*Instructions to follow*
Could you restate word for word only the lines below from the one holding "Gel hỗ trợ ngừa mụn Decumar Advanced 20G ." to the one holding "Page 11 Chapter", inclusive, and leave out the pictures?

*Provided information*
########
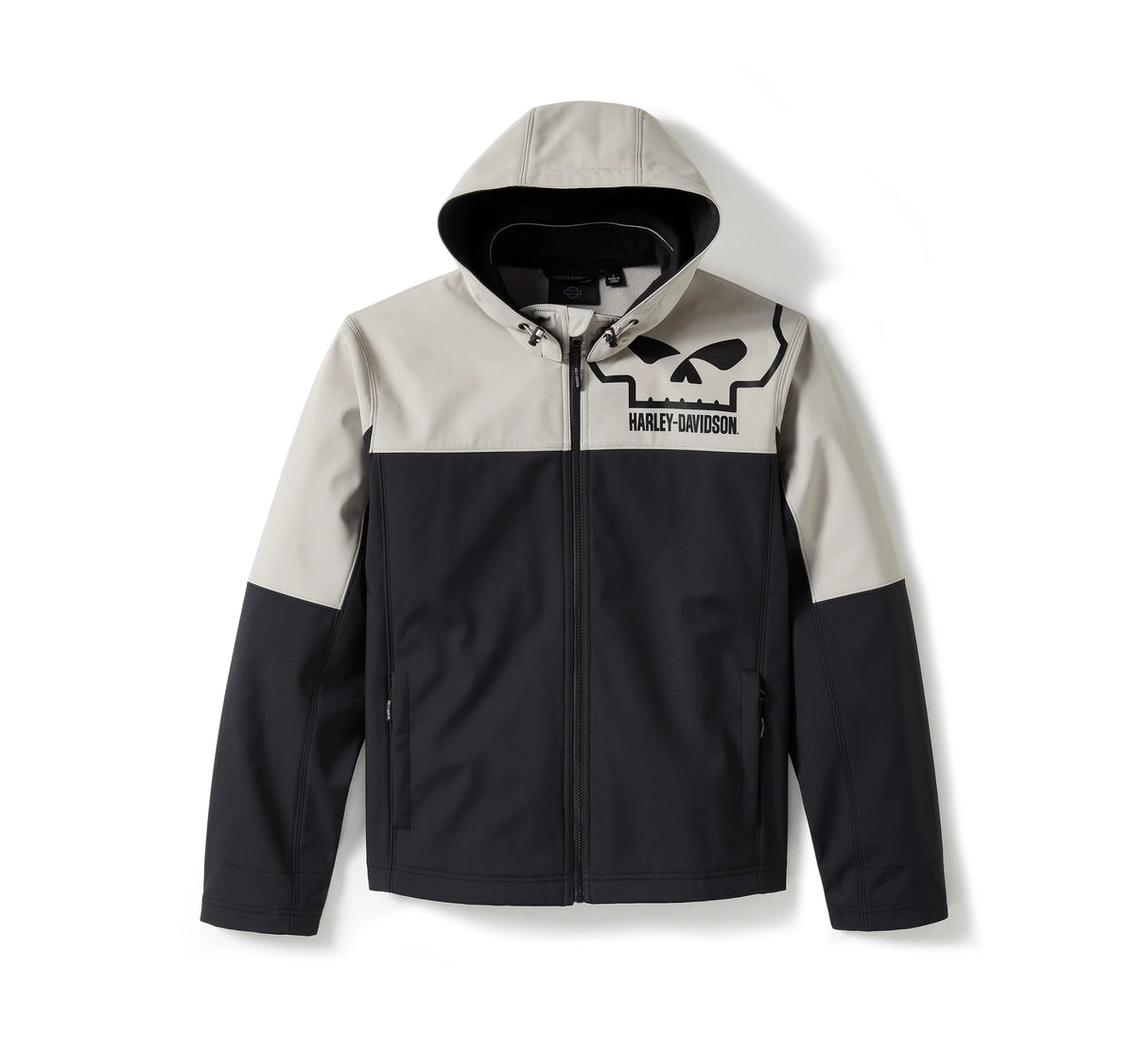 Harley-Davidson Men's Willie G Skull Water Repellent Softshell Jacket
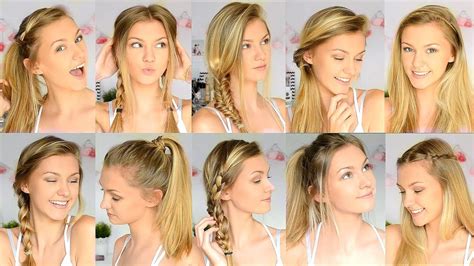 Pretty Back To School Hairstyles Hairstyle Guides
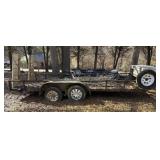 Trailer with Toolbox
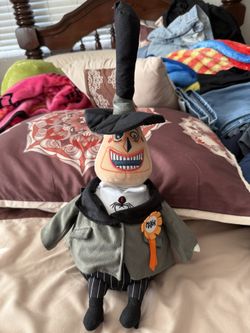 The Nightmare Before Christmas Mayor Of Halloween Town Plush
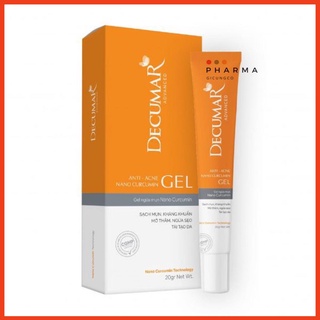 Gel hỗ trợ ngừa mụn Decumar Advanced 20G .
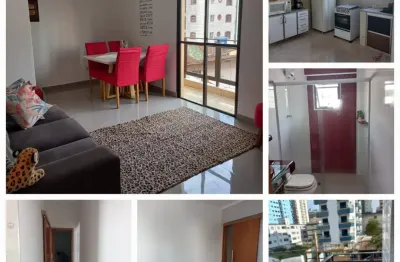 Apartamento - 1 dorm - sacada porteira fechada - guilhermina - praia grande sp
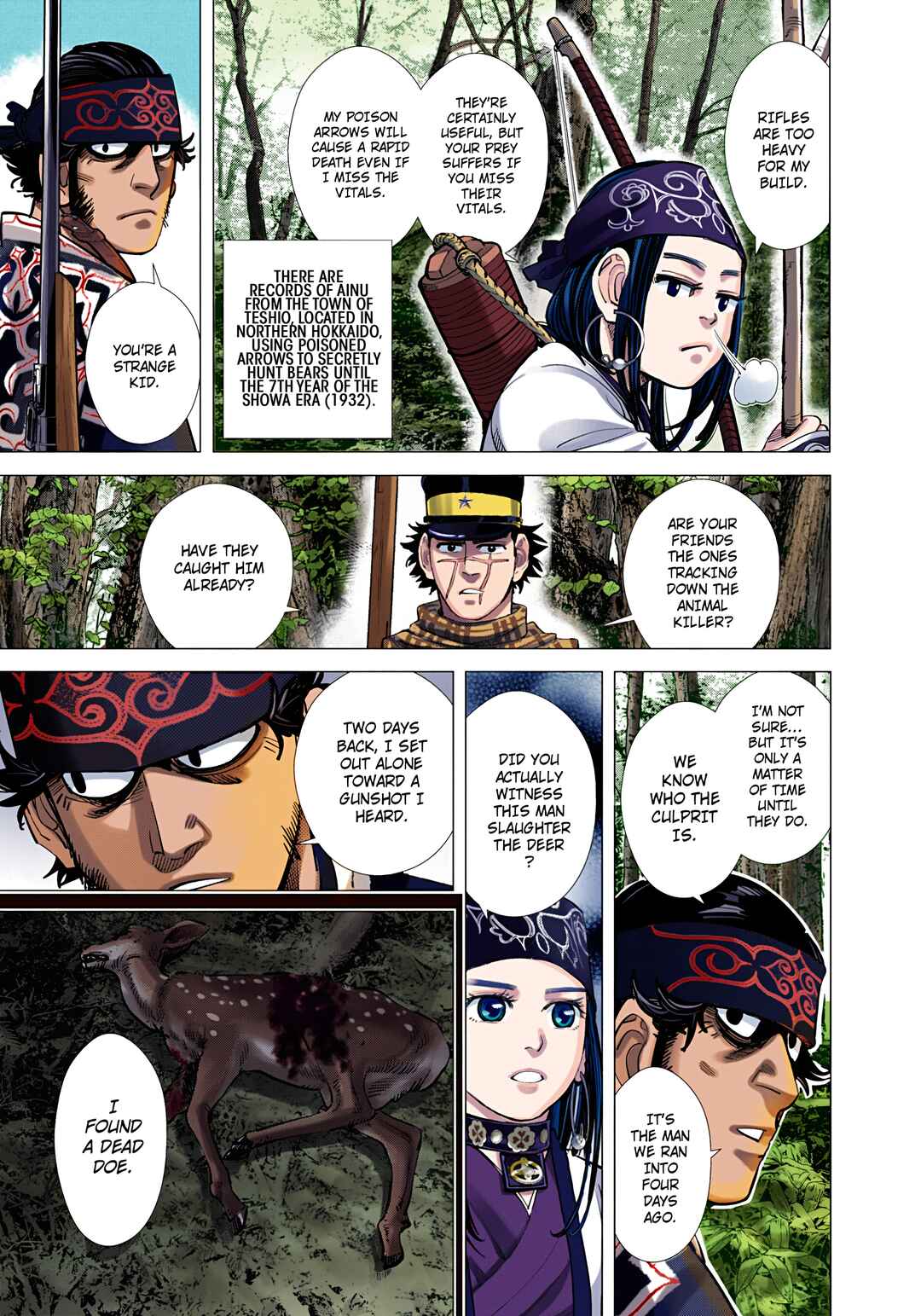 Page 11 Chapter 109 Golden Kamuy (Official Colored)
########
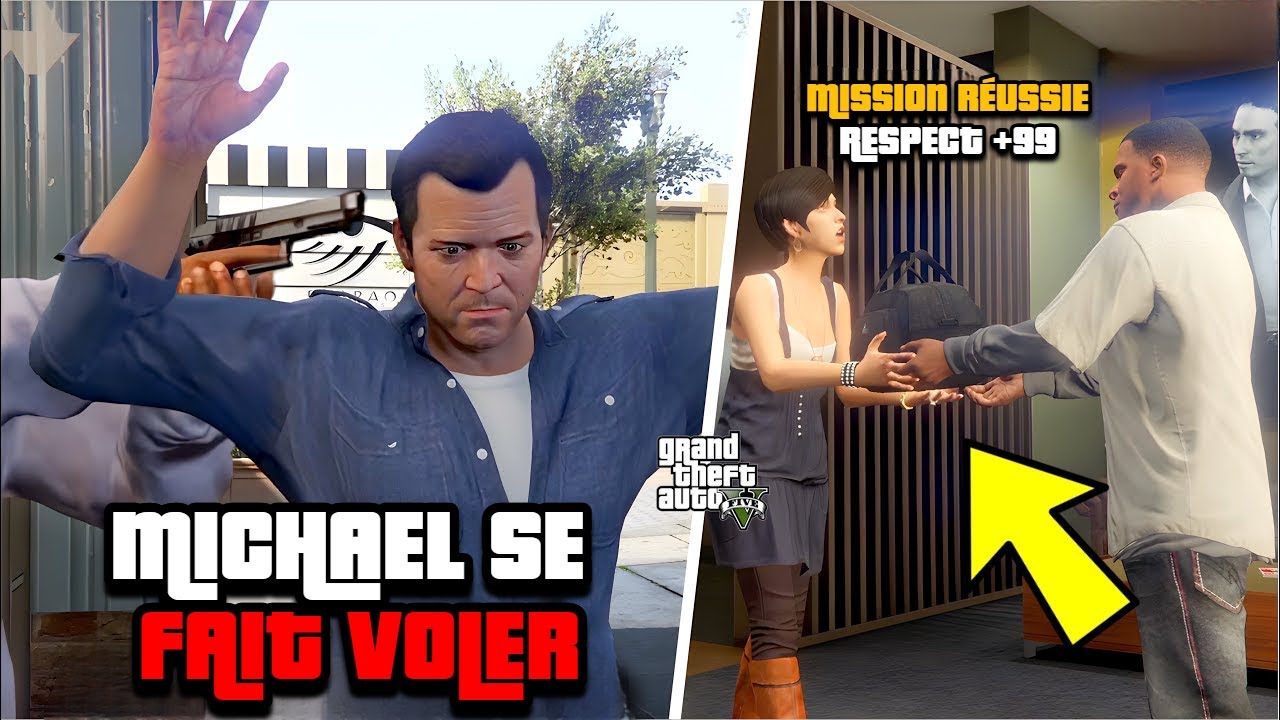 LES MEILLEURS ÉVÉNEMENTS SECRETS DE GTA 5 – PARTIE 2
########
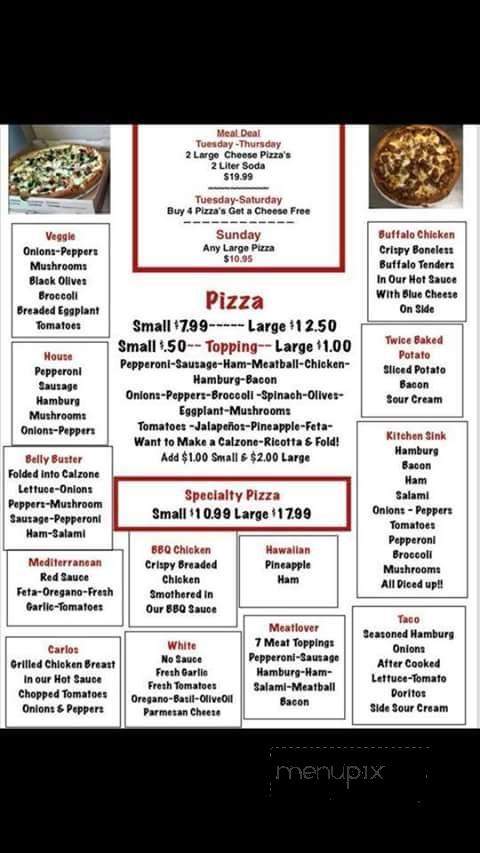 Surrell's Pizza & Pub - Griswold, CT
########
*Reply*
 Gel hỗ trợ ngừa mụn Decumar Advanced 20G .
 Apartamento - 1 dorm - sacada porteira fechada - guilhermina - praia grande sp
 Page 11 Chapter 109 Golden Kamuy (Official Colored)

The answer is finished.